A New Study Shows the “Bathroom Bill” Hysteria Is Unfounded
It found no link between transgender protections and crime in Massachusetts.
If you’re the kind of person who is passionately opposed to the state’s 2016 transgender accommodations law, sometimes called a “bathroom bill,” what you really need to believe is that giving trans people access to the restrooms and locker rooms of their choosing is a threat to public safety. Think of the children, say groups who oppose the anti-discrimination law, like one called Keep MA Safe, who urge you in TV commercials to imagine your daughter, gasp, sharing a restroom with a trans woman.
But a new report from the Williams Institute at UCLA School of Law has found that just isn’t the case. Researchers in the peer-reviewed study pored over police records in Massachusetts communities, comparing those that had “bathroom bill” transgender protections on the books in the two years before the law passed with those that didn’t, and found no link between anti-discrimination rules and the bathroom-related crimes that we we’ve been warned about.
“Opponents of public accommodations laws that include gender identity protections often claim that the laws leave women and children vulnerable to attack in public restrooms,” study author Amira Hasenbush says in a statement. “But this study provides evidence that these incidents are rare and unrelated to the laws.”

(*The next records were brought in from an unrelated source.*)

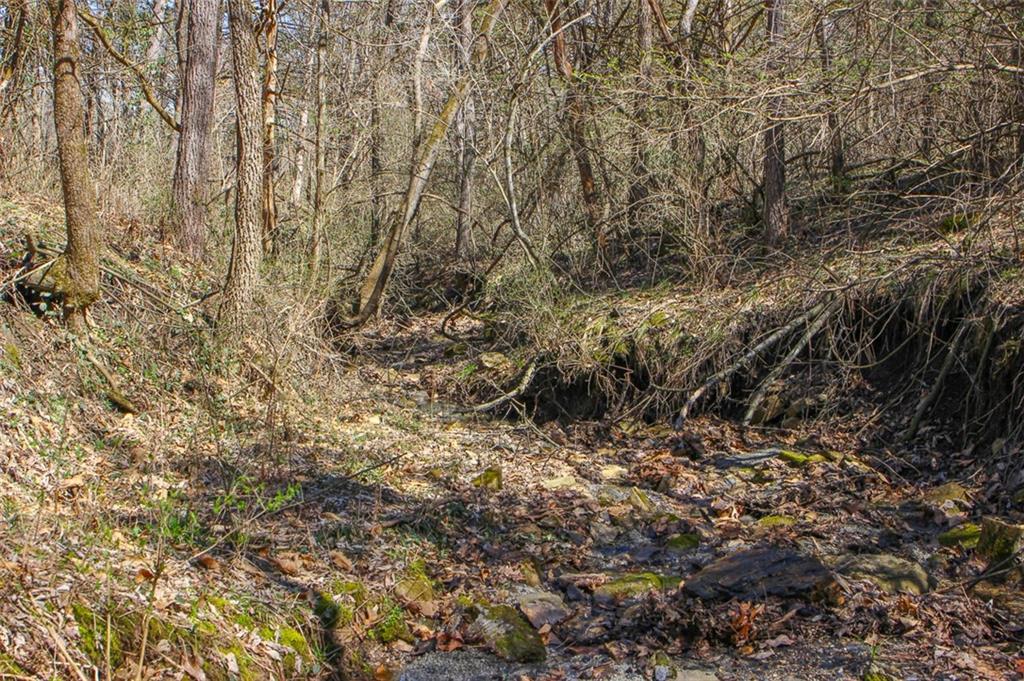 N Dometrorch Road Property Photo 16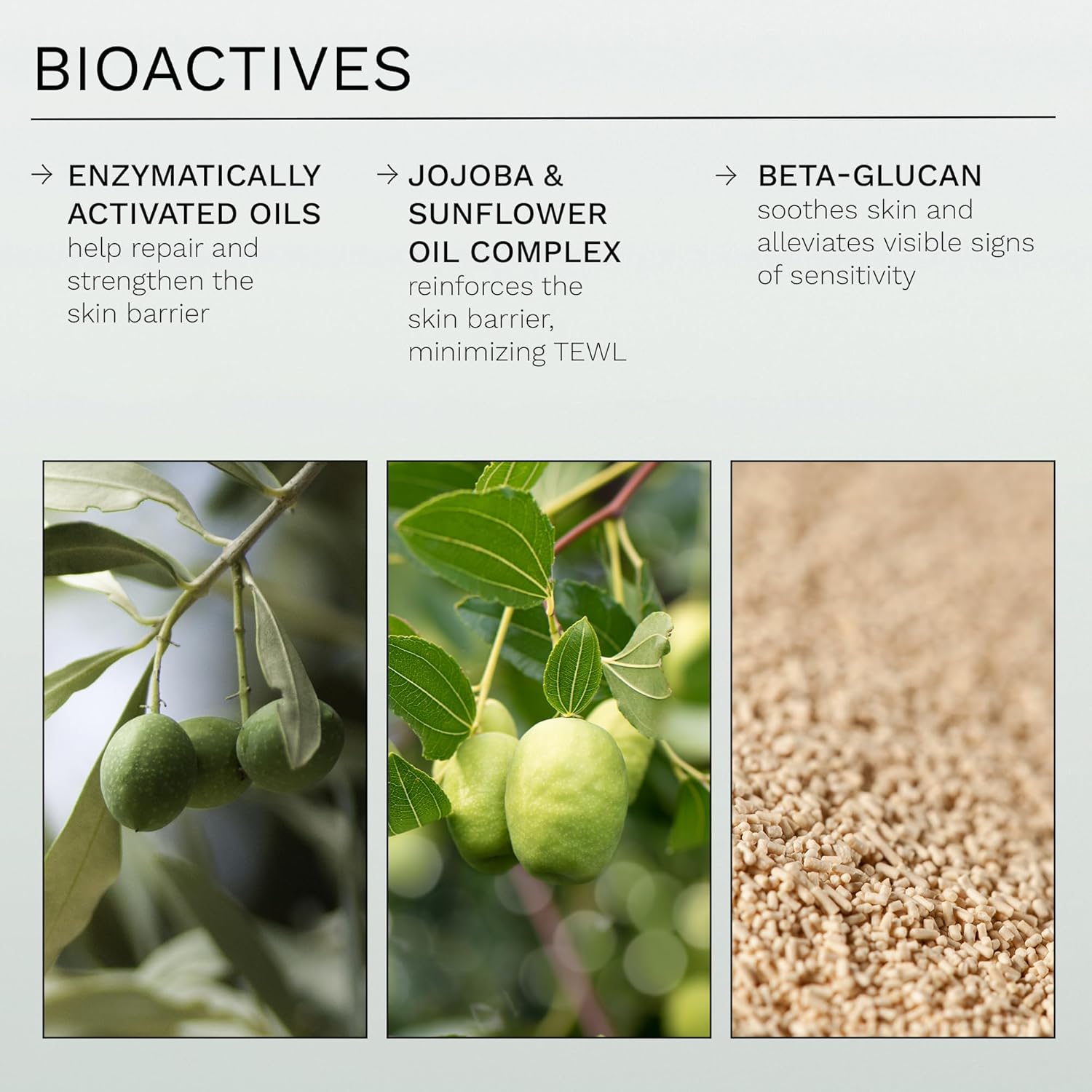 REN Clean Skincare Evercalm Overnight Recovery Balm for Women 1 oz Balm 4 REN Clean Skincare Evercalm Overnight Recovery Balm for Women 1 oz Balm - الصورة 4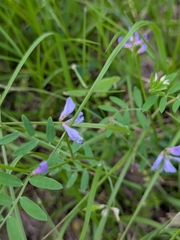 author not stated, no rights reserved Vicia ludoviciana, photograph author not stated, no rights reserved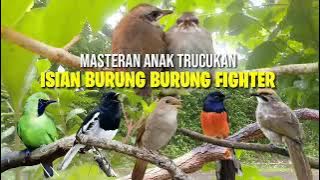 Masteran burung TRUCUKAN || Isian burung fighter || SUARA JERNIH gampang masuk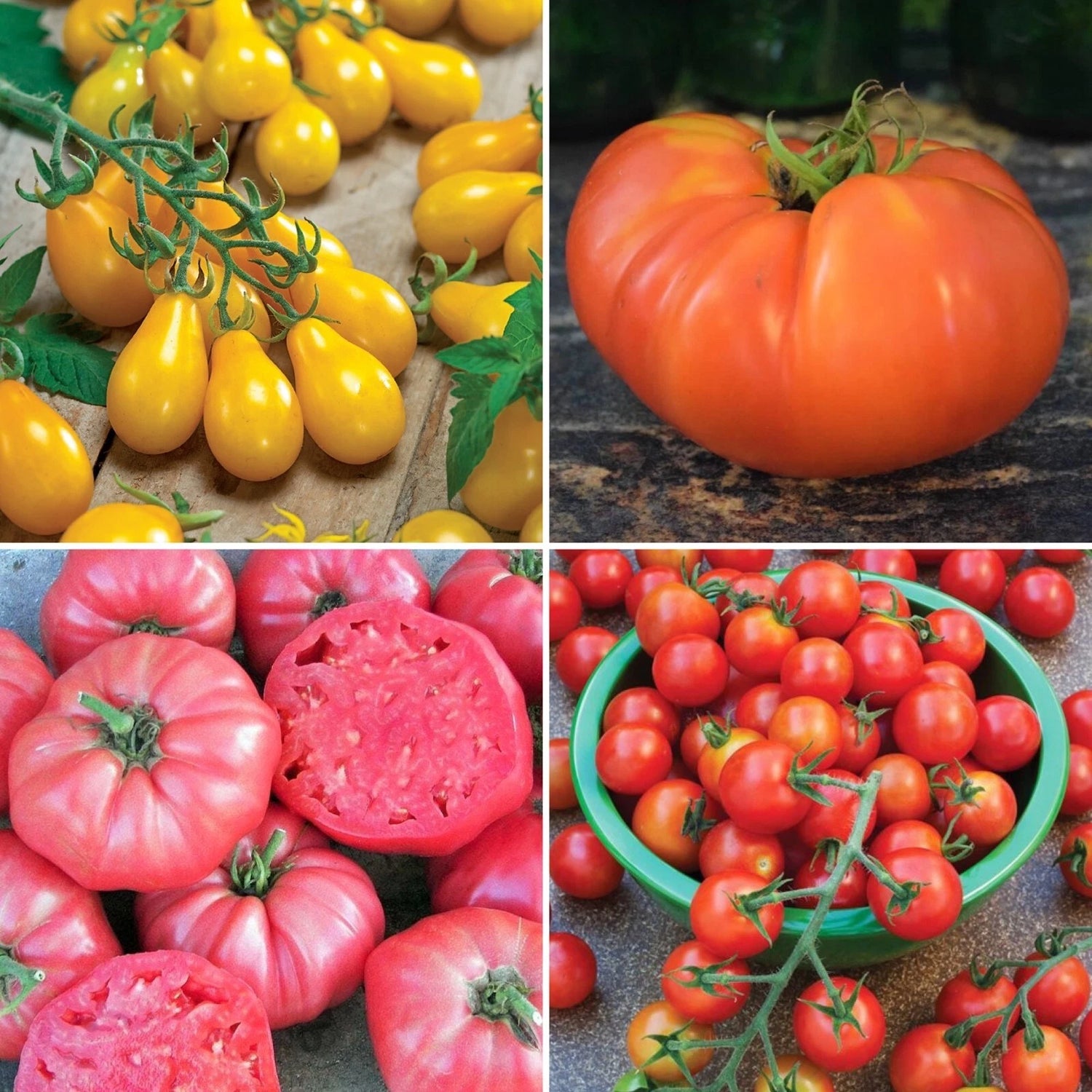 Cherokee Purple Tomato Seeds – Heirloom, Non-GMO, High Germination Organic Garden Seeds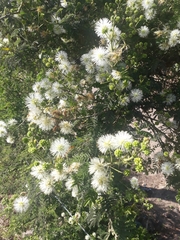 Mimosa quitensis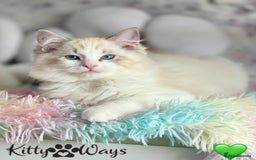 Ragdoll cats for sale: 🐾🩷*TICA REG* LYNX TABBY EU RAGDOLL KITTENS🩵🐾 - Image 6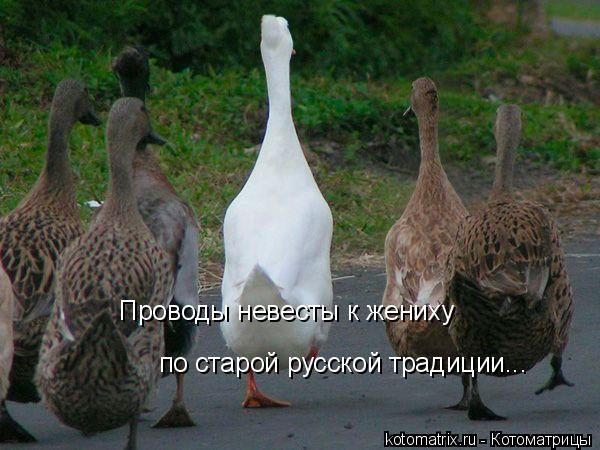 по старой русской традиции... Проводы невесты к жениху... Котоматрица: по старой русской традиции... Проводы невесты к жениху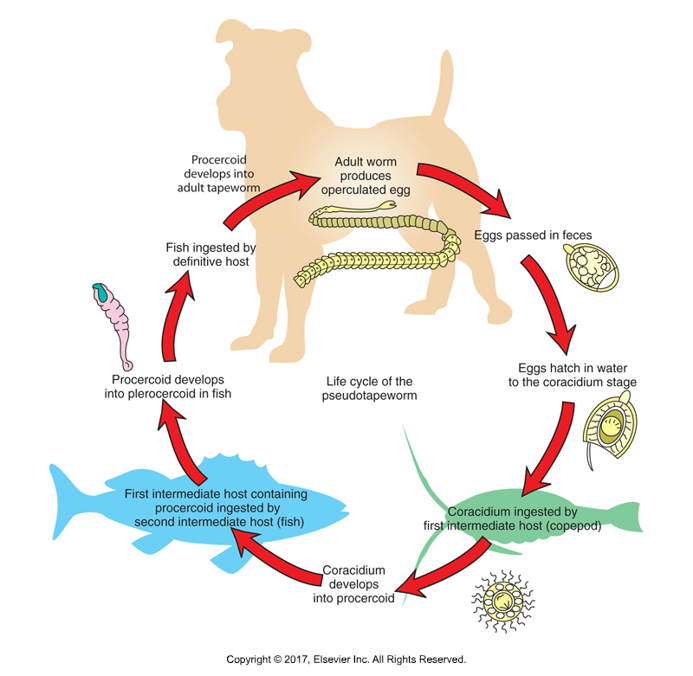 <ol><li><p>     Operculated eggs pass into environment​</p></li><li><p>     If in water, eggs hatch, release ciliated hexacanth embryo—coracidium out of operculum​</p></li><li><p>    Must be ingested by first intermediate host, a tiny crustacean copepod​</p></li><li><p>    Inside copepod, coracidium becomes procercoid​</p></li><li><p>    When copepod is ingested by second intermediate host, a fish,  develops into second infective plerocercoid stage​</p></li><li><p>    Definitive host is infected by ingesting fish, plerocercoid develops into juvenile worm and attaches to intestinal lining, builds strobili</p></li></ol><p></p>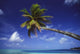 French Polynesia, Bora Bora, Palm Tree Hanging Over Turquoise Ocean Wall Mural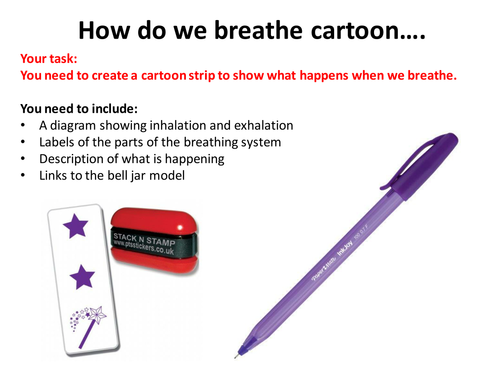 KS3 respiration gas exchange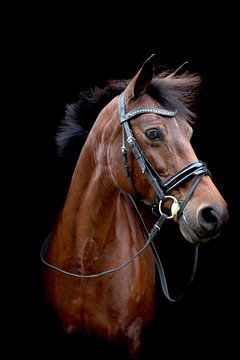 paard van Marcel Geerings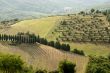 Chianti landscape near Radda, with cypresses and olive trees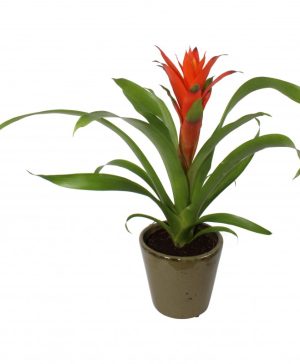 Garden Orange Bromelia Flowers & Plants Co.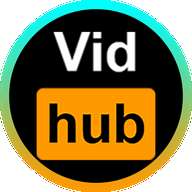 Vidhub 播放器免费版 v4.5.6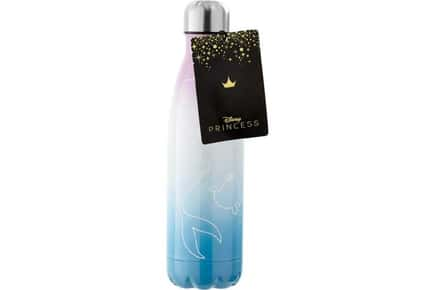 Disney Stainless Steel Water Bottle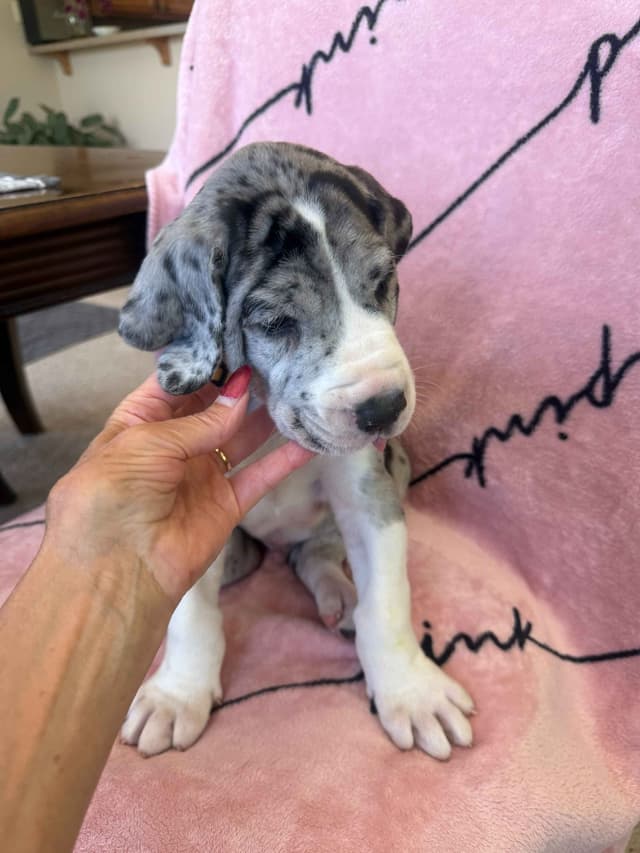 Great Dane Puppies media 6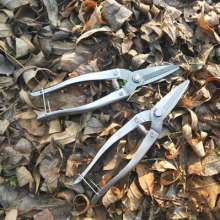 Extra large triangular Luoding shears. Thin fruit cut. Thin fruit scissors. Pick the fruit and cut it. Orange cut. Orange cut. Grapefruit shears
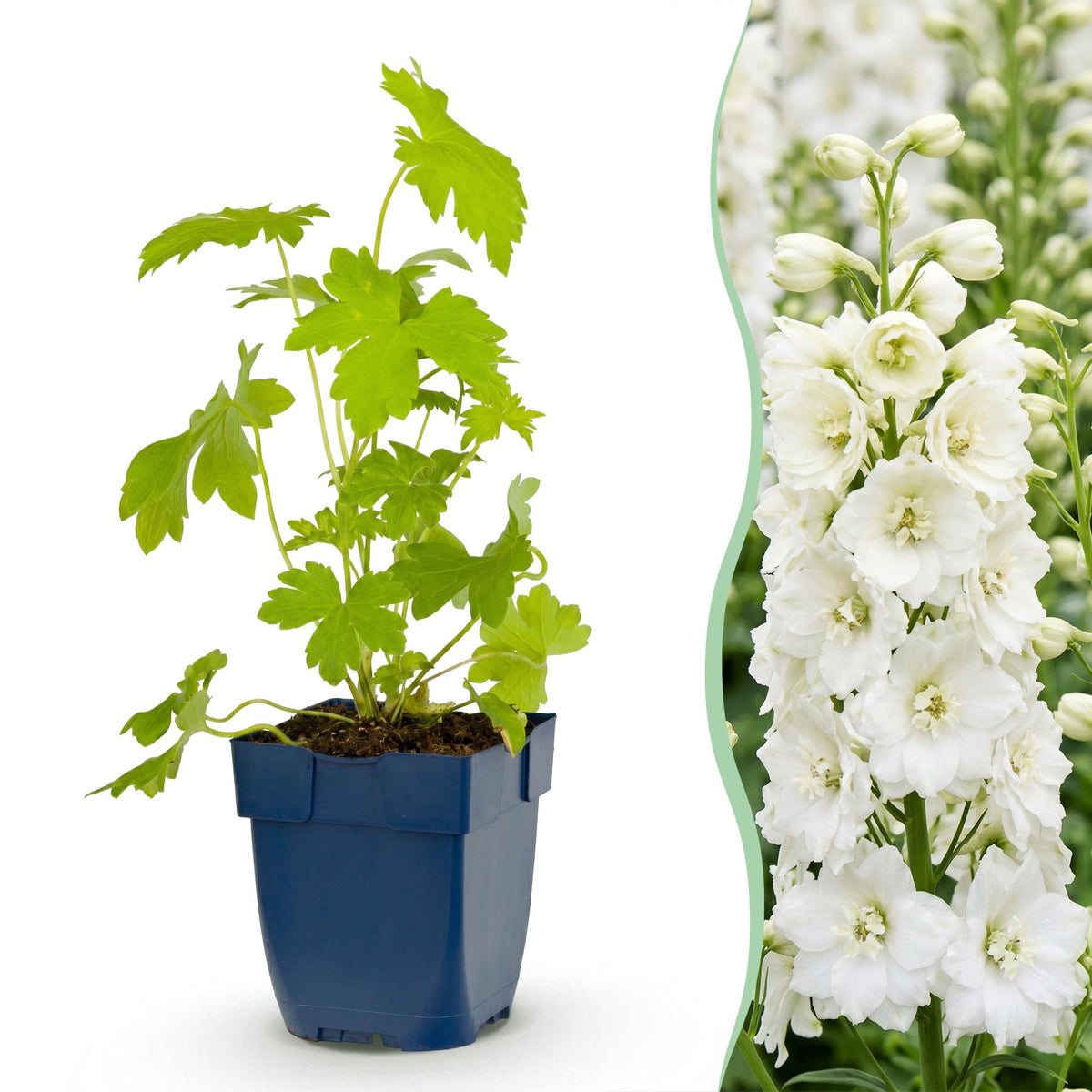 Rittersporn 'Galahad' – Delphinium 'Galahad' – Topf Ø11cm – Bienenfreundliche Staude für Garten & Balkon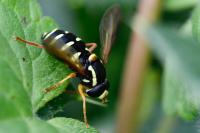 Philhelius citrofasciatus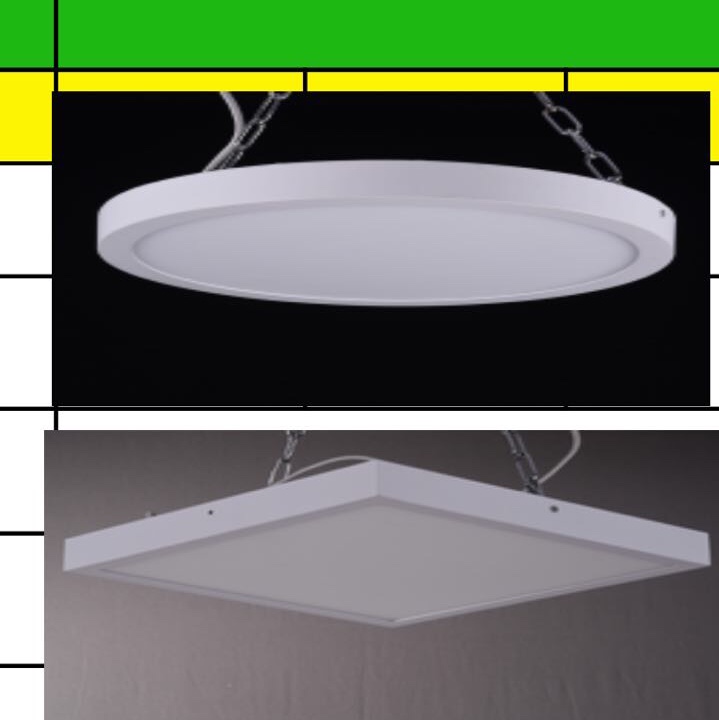 Ceiling flat panel light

“That’s right: Ensuring dignity and respect for our #transgender neighbors in #Massachusetts is NOT a threat to public safety,” Freedom Massachusetts, the group that pushed for the law and is now working to defend it from repeal, wrote in a tweet Wednesday.
And as has been pointed out again and again at this point, it is still illegal to spy on someone in a bathroom, or assault them. In the unlikely event that someone feigns a transgender identity to gain access to a women’s bathroom, and then commits some other crime while inside, they can still be prosecuted for doing so. Is that really all that hard to understand?
“Research has shown that transgender people are frequently denied access, verbally harassed or physically assaulted while trying to use public restrooms,” says Jody L. Herman, another of the study’s authors, also in a statement. “This study should provide some assurance that these types of public accommodations laws provide necessary protections for transgender people and maintain safety and privacy for everyone.”
All of this is important because a ballot question will give Massachusetts voters the chance to repeal the public accommodations law—sometimes called a “bathroom bill”—in November, the first time in the nation such a question has been put to voters statewide. It could be close. Polling has suggested voters are in favor of keeping the law in place, but not by a large margin. Fundraising data shows the pro-trans rights side is much better funded than the opposition: The campaign has about $1 million on hand, according to the State House News Service, while opponents have about $26,000. Expect to see more misguided fear-inducing ads as election day approaches, though.
“Historically, anti-transgender activists wait as long as possible before last-minute funds are provided to pay for misleading TV ads meant to scare voters,” Yes on 3 campaign co-chair Kasey Suffredini tells the News Service. “We must be fully resources [sic] to promote the truth about what this law really does until the very last votes are cast.”